▼
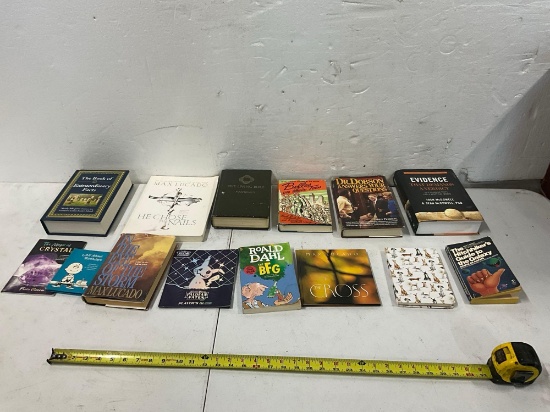 Books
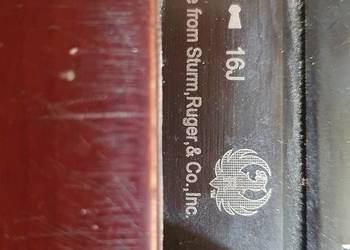Wiatrówka RUGER 177 - 4,5 cal Wiatrówka RUGER 177 - 4,5 cal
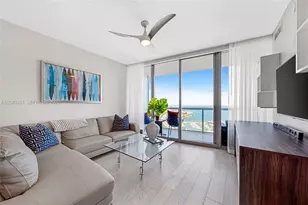888 Biscayne Blvd, Miami, FL 33132 - Photo 11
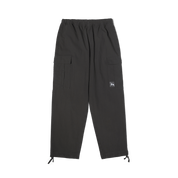 Leisure Cargo Pant - Black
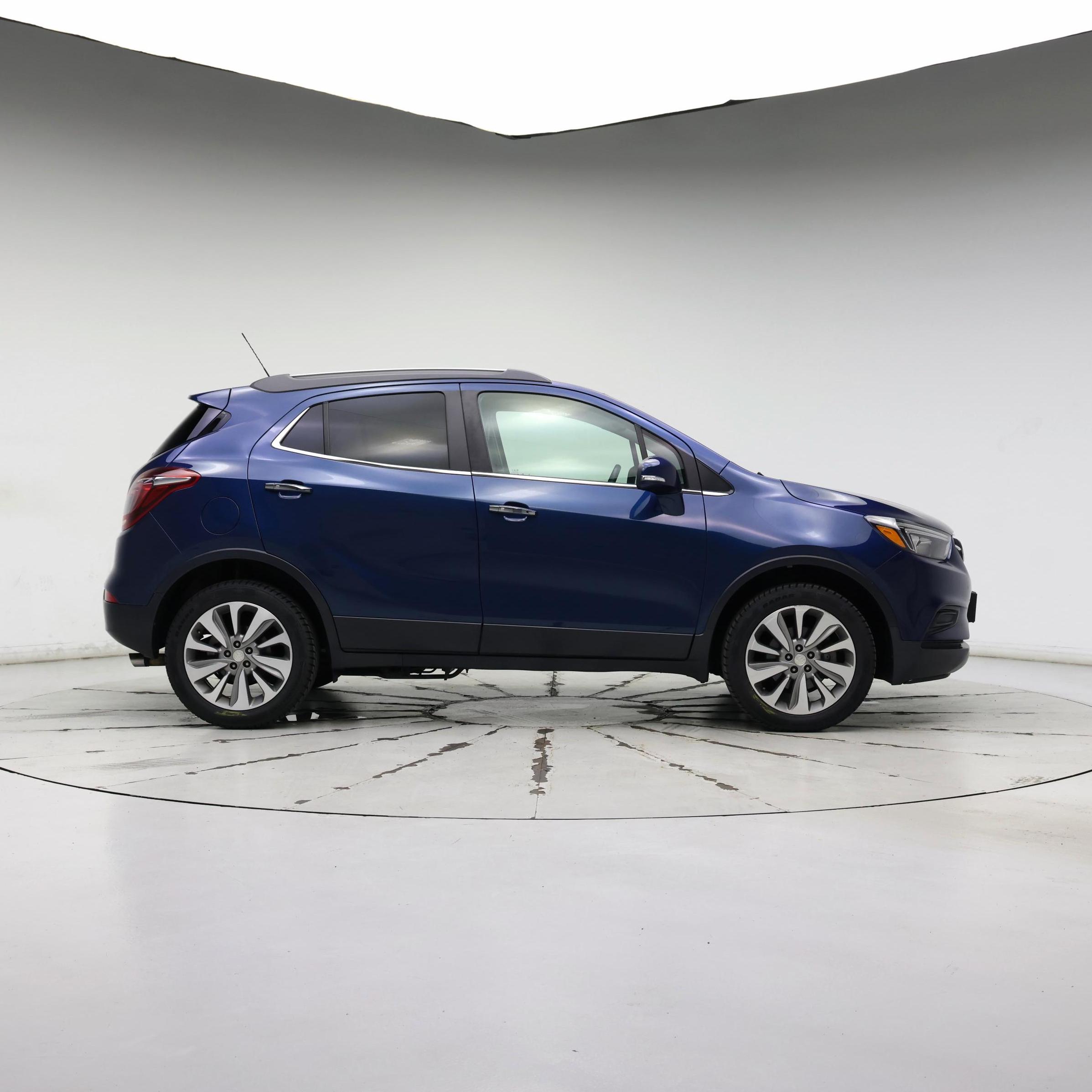 Thumbnail: 2019 Buick Encore - 7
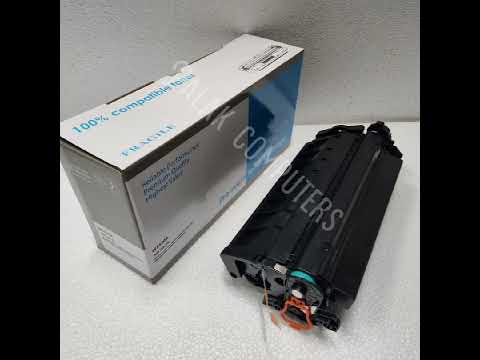 Toner Cartridges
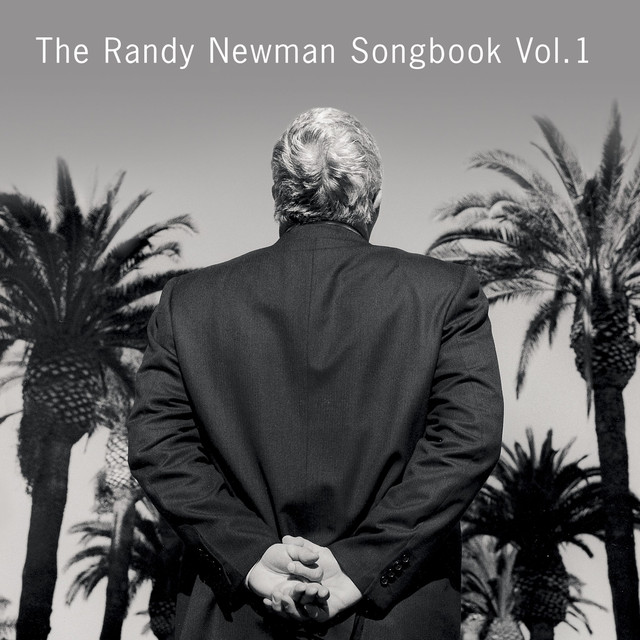 Songbook, Volume I cover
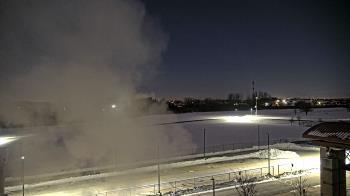 Weather camera view of Orland SD 135.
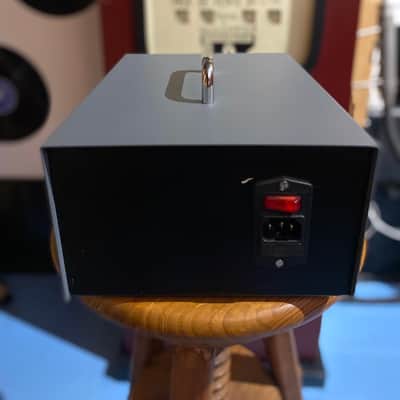GLENSOUND mx6 s7 Ex BBC image 17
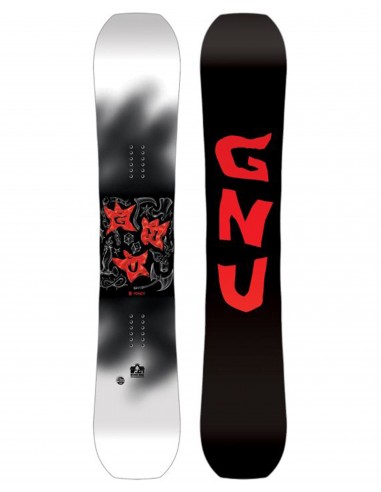 Men's C Money Snowboard rembourrage situé sous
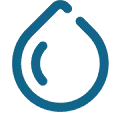Logo van FM Pool Service Curacao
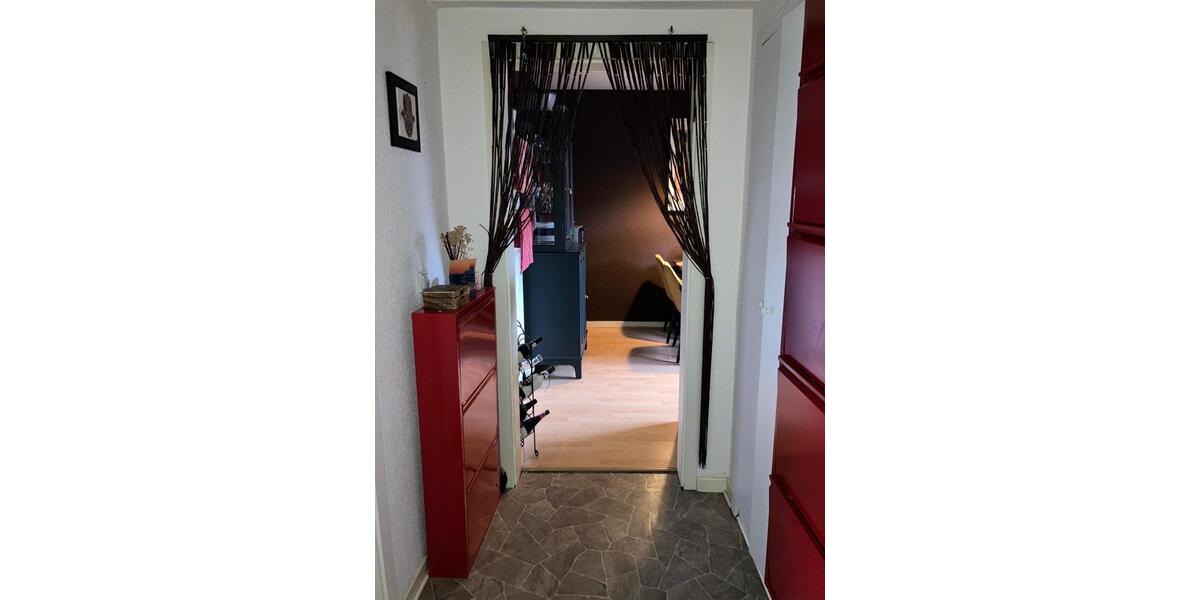 Dachgeschoßwohnung Köln Nippes - 2 Zimmer, 40 m&sup2;, 500&euro; | Angebot:26315040
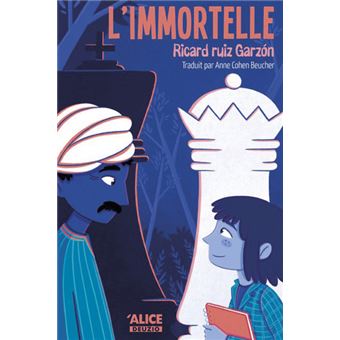 L'immortelle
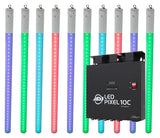 LED PIXEL TUBE SYS 10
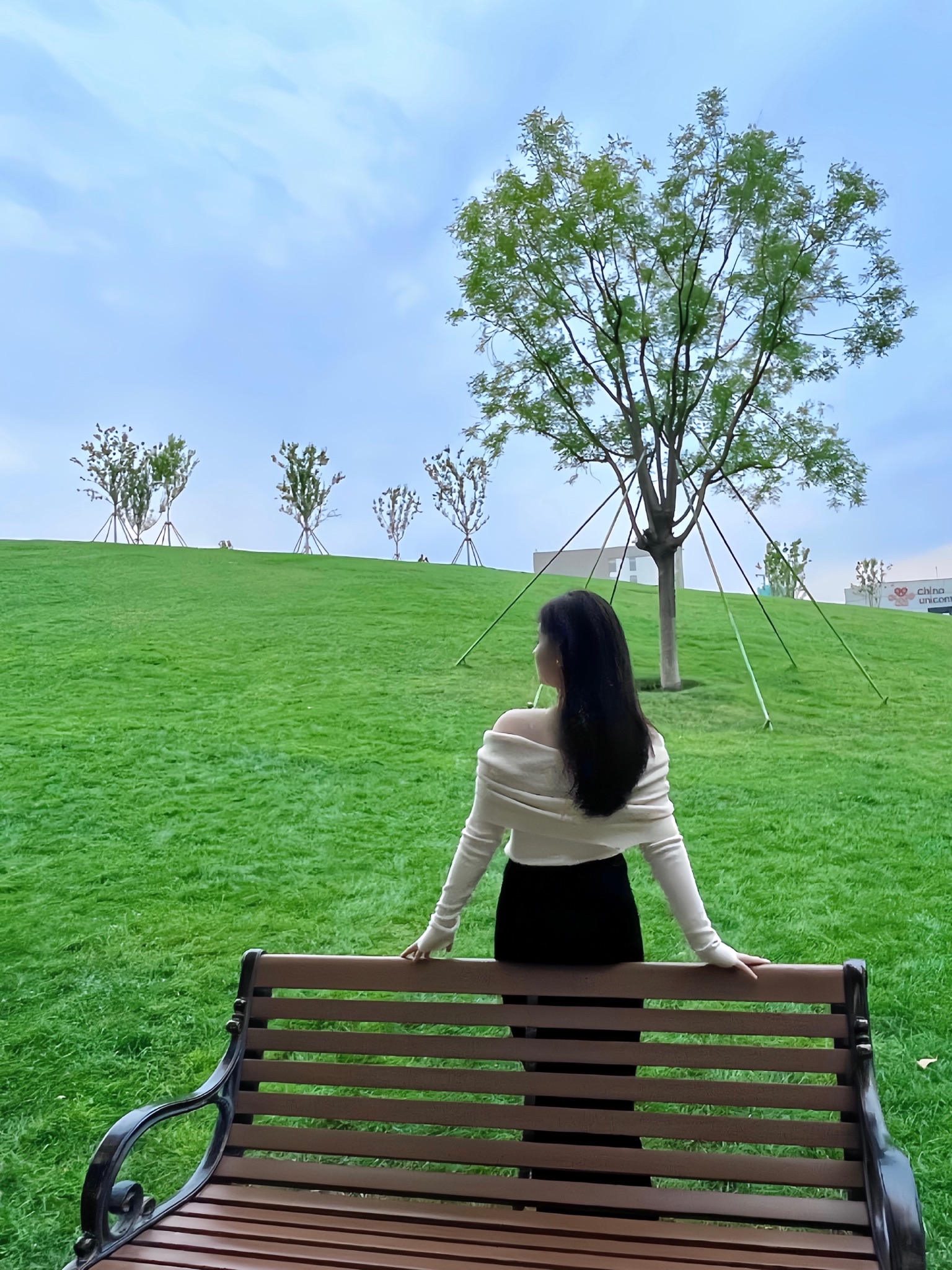 科创金融公园旅行图片 3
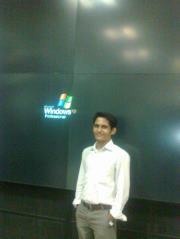 Saichand Reddy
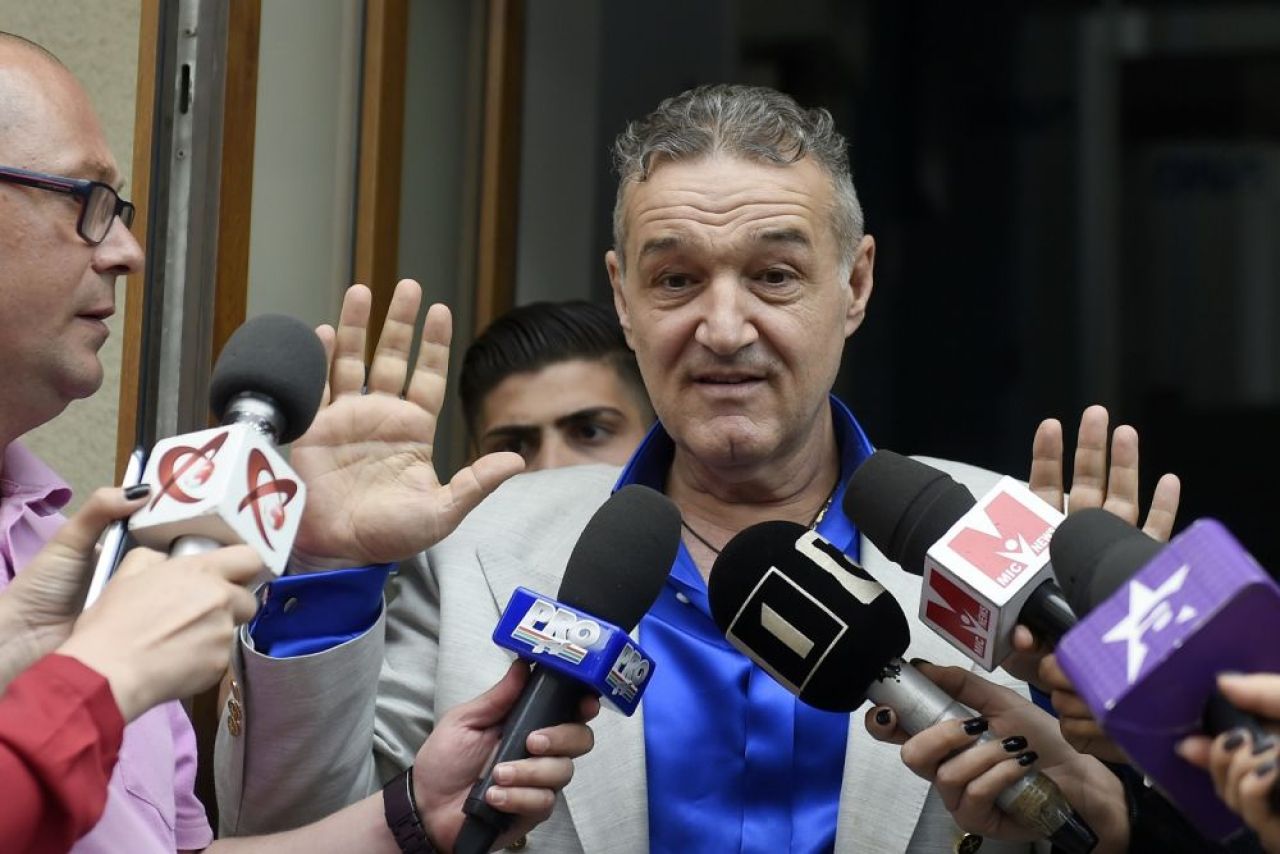 Becali nu a iertat pe nimeni după un nou titlu pierdut: ”La noi, până și la fotbal se bagă securitatea!”_2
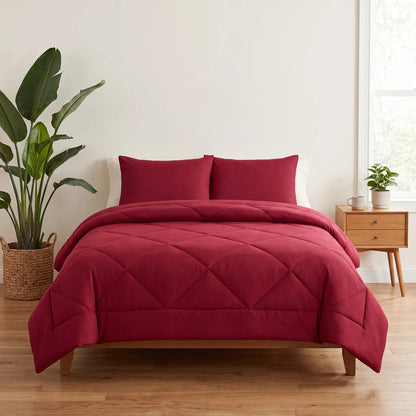 PureSleep® 2-in-1-dekbed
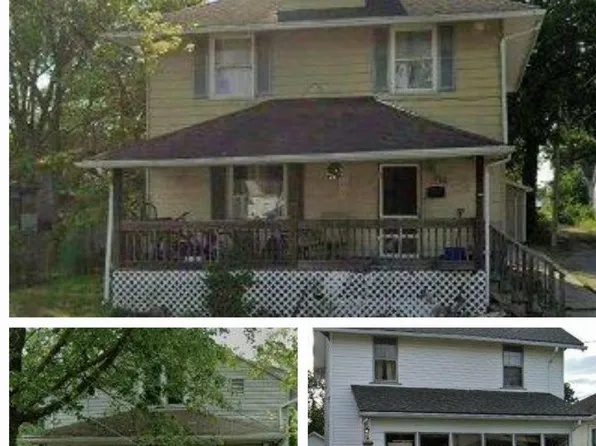 7 Package, Lima, OH 45804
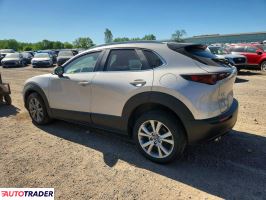 Mazda CX-30 2023 2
▲
> ACTIVITY
Could you copy each line above exactly as written, minus any pictures?

> TASK SOLUTION
 Books
Wiatrówka RUGER 177 - 4,5 cal Wiatrówka RUGER 177 - 4,5 cal
888 Biscayne Blvd, Miami, FL 33132 - Photo 11
 Leisure Cargo Pant - Black
 Thumbnail: 2019 Buick Encore - 7
 Toner Cartridges
 Songbook, Volume I cover
 Weather camera view of Orland SD 135.
GLENSOUND mx6 s7 Ex BBC image 17
 Men's C Money Snowboard rembourrage situé sous
Logo van FM Pool Service Curacao
 Dachgeschoßwohnung Köln Nippes - 2 Zimmer, 40 m&sup2;, 500&euro; | Angebot:26315040
 L'immortelle
 LED PIXEL TUBE SYS 10
 科创金融公园旅行图片 3
 Saichand Reddy
 Becali nu a iertat pe nimeni după un nou titlu pierdut: ”La noi, până și la fotbal se bagă securitatea!”_2
 PureSleep® 2-in-1-dekbed
 7 Package, Lima, OH 45804
 Mazda CX-30 2023 2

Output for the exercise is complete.